── Data for review ──
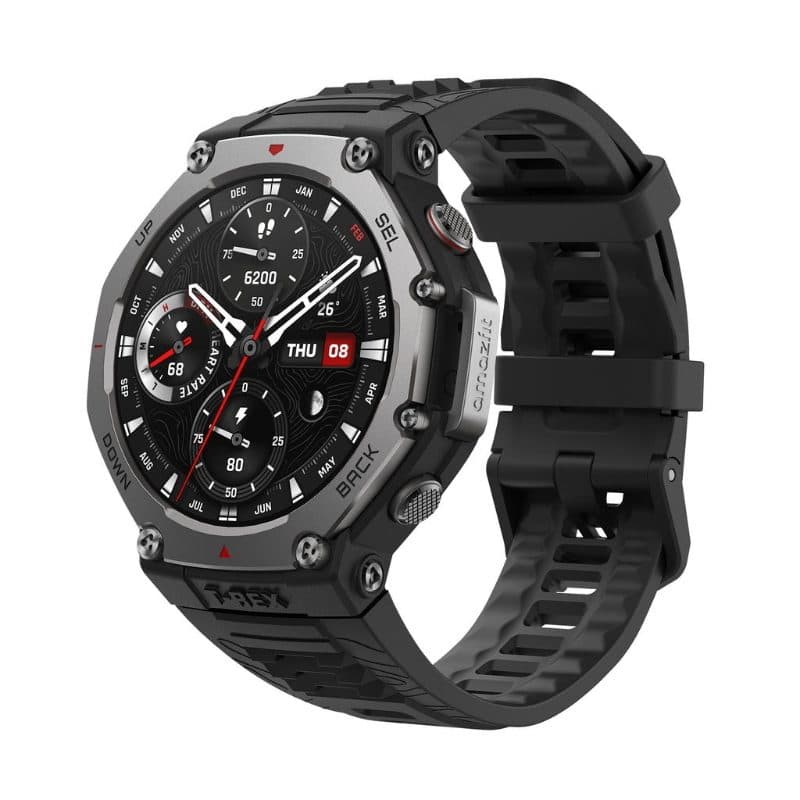 Smartwatch AMOLED 1.5 pollici 48.5 mm 480 x 480 pixel touch screen Wi-Fi GPS nero - Amazfit T-Rex 3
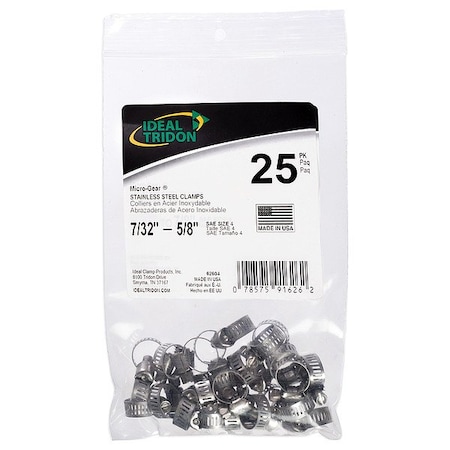 Zoro Select Contractor Bag, 5/16"W, 5/16"ID, PK25 626047B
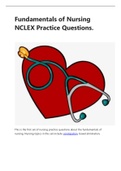 Fundamentals of Nursing Practice Questions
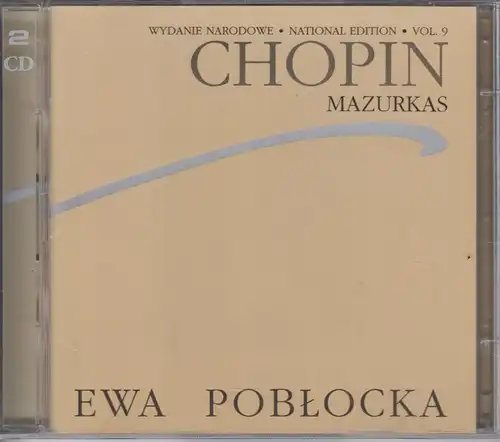 Doppel-CD: Frederic Chopin, Mazurkas. 1999, Ewa Poblocka, National Edition 9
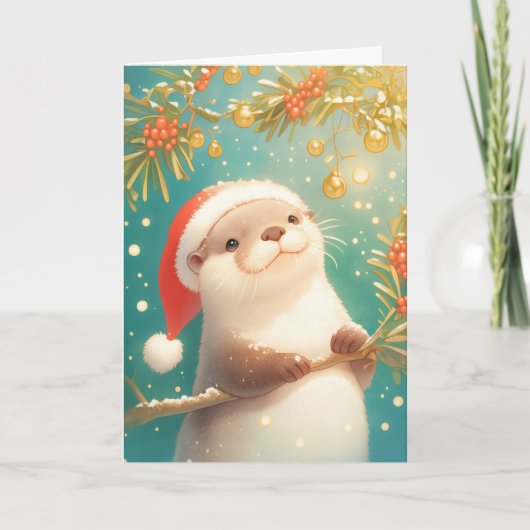 Een heel otterig Kerstfeest Kaart (Voorkant)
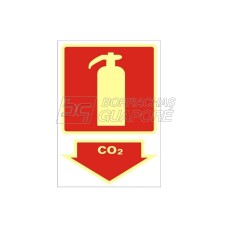 Placa Extintor CO² 20 x 30 - PVC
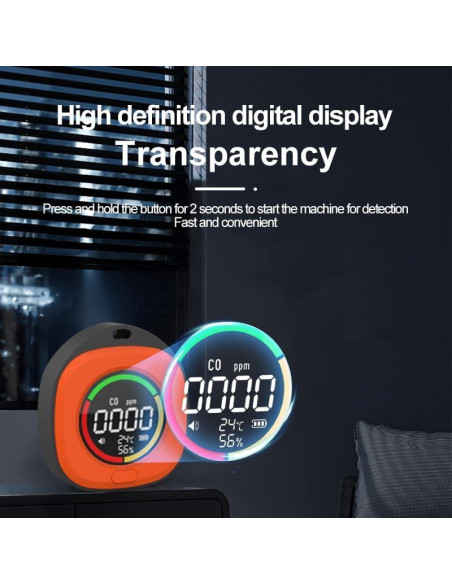 Detector de Monóxido de Carbono Genérico K5 Portátil 3 en 1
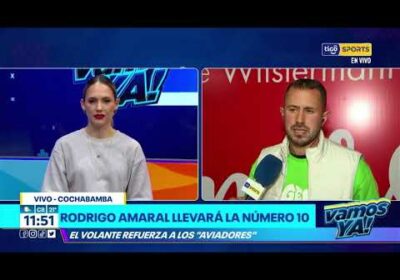 VamosYa❗️Rodrigo Amaral habló en EXCLUSIVA con Vamos Ya! sobre su incorporación al ‘Aviador’.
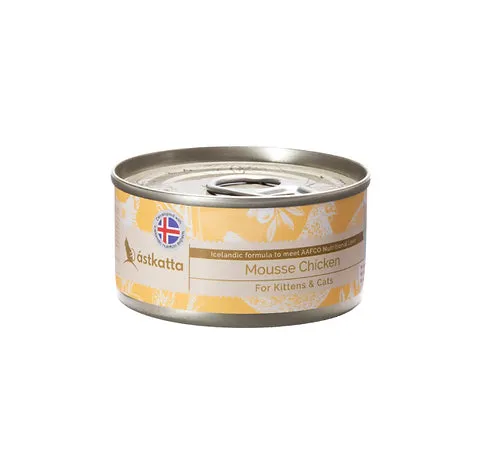 Astkatta Complete Kitten Wet Food - Chicken & Goat Milk Mousse 80g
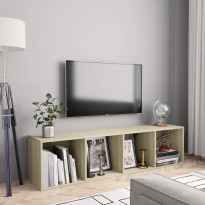 Kirjahylly/tv-taso sonoma-tammi 143x30x36 cm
───
* Task statement *
All entries above are to be restated exactly, with every image omitted.

* Expected output *
 Smartwatch AMOLED 1.5 pollici 48.5 mm 480 x 480 pixel touch screen Wi-Fi GPS nero - Amazfit T-Rex 3
 Zoro Select Contractor Bag, 5/16"W, 5/16"ID, PK25 626047B
 Fundamentals of Nursing Practice Questions
 Doppel-CD: Frederic Chopin, Mazurkas. 1999, Ewa Poblocka, National Edition 9
 Een heel otterig Kerstfeest Kaart (Voorkant)
 Placa Extintor CO² 20 x 30 - PVC
 Detector de Monóxido de Carbono Genérico K5 Portátil 3 en 1
 VamosYa❗️Rodrigo Amaral habló en EXCLUSIVA con Vamos Ya! sobre su incorporación al ‘Aviador’.
 Astkatta Complete Kitten Wet Food - Chicken & Goat Milk Mousse 80g
 Kirjahylly/tv-taso sonoma-tammi 143x30x36 cm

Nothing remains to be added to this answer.